Au-delà de l'approche théorique, comment fait-on pour tenter d'étudier et de comprendre les relations frontalières ? Des recherches de "terrain" cela se passe comment ? Pour répondre à ces quelques questions, je vous invite à aller sur les pages consacrées aux recherches de terrain. Sur ces pages, vous trouverez quelques éléments d'introduction à la réflexion, mais aussi des éléments d'explication et d'analyse sur ce qui se passe au niveau des relations entre les difféentes populations et États. Les relations frontalières y sont abordées sous l'angle des rapports sociaux pris en compte dans leurs dimensions spatiale et temporelle afin de mieux comprendre la complexité des situations contemporaines.
La Galilée, paysage du sud du Liban.
© Fabien Guillot, 2001
Dans le cadre d’une recherche portant sur les relations frontalières et les rapports sociaux, la question du choix des terrains est fondamentale. Le choix des terrains est à mettre en lien avec les échelons d’analyses et avec la volonté d’aborder des exemples concrets, différents, pour avoir un spectre assez large F de situations sociales, politiques, culturelles et économiques.
Deux niveaux d’analyse principaux sont à prendre en compte : premier niveau, celui des États que l’on peut appeler échelle macro et qui renvoie à la géopolitique et aux relations internationales et, second niveau, celui des acteurs localisés à une échelle micro, où l’approche de géographie sociale a été plus spécifiquement mobilisée. C’est principalement ce second niveau qui représente le cœur de ce travail de recherche, non sans au préalable l’avoir relié au contexte global afin de limiter l’effet disjonctif que les découpages scalaires peuvent produire dès lors que les différents niveaux d’analyse ne sont pas articulés ou emboîtés.
Autre point à développer : les « terrains laboratoires », c’est-à-dire les terrains d’étude sur lesquels ont été collectées les données, effectués les entretiens et les observations.
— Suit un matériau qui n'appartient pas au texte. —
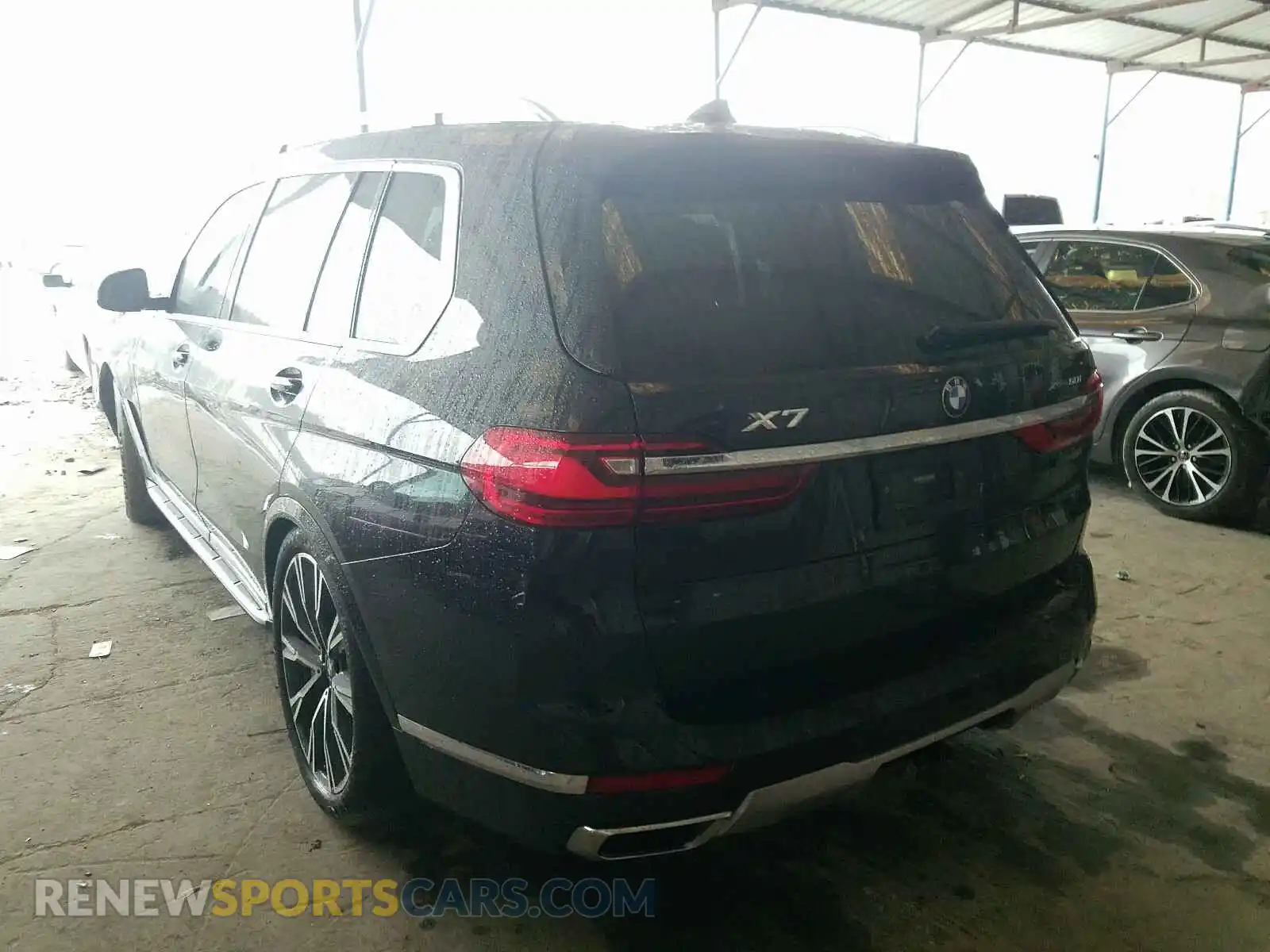 3 Photograph of a damaged car 5UXCX4C55KLS35839 BMW X7 2019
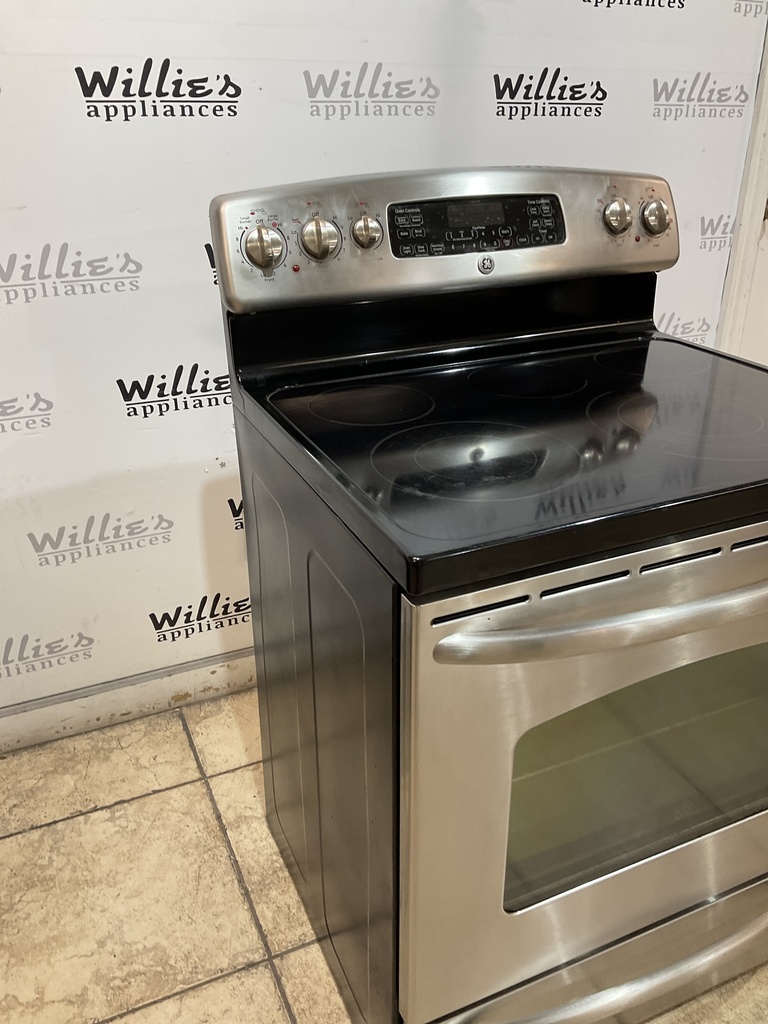 Ge Used Electric Stove 220volts (40/50 AMP) 30inches {no cord} (Stainless Steel)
Le but est d’accéder à des réalités frontalières plurielles où les différences et les inégalités se font jour, elles offrent une vision assez large de ce que l’on peut rencontrer à l’échelle plus petite. Il y a là aussi la volonté d’avoir une diversité empirique pour mener ce travail de recherche.
Trois zones géographiques ont été choisies. Et, dans chacune d’elles, des « terrains-laboratoires » ont fait l’objet de recherches plus spécifiques, auprès des populations et des acteurs, de manière générale, de ces pays où régions. Ces terrains se situent au Proche-Orient avec les exemples du Liban, d’Israël et des Territoires palestiniens. Une autre partie se concentre sur la situation au sud de l’Europe méditerranéenne (Sud-est de l’Espagne), aux marges de l’espace Schengen, avec l’exemple des relations entre le Maroc et l’Espagne au niveau de Ceuta. Enfin, une dernière zone est étudiée, celle de la frontière entre les États-Unis et le Mexique, dans la partie Est de la frontière au niveau du sud du Texas et de l’État mexicain de Tamaulipas.
C’est sur ces différents terrains-laboratoires que se concentrent les observations et analyses, sur lesquels les données ont été recueillies, les entretiens menés. Ils représentent les échelons locaux des analyses, les points d’ancrage en quelque sorte, à partir desquels se structurent les réflexions plus régionales et internationales.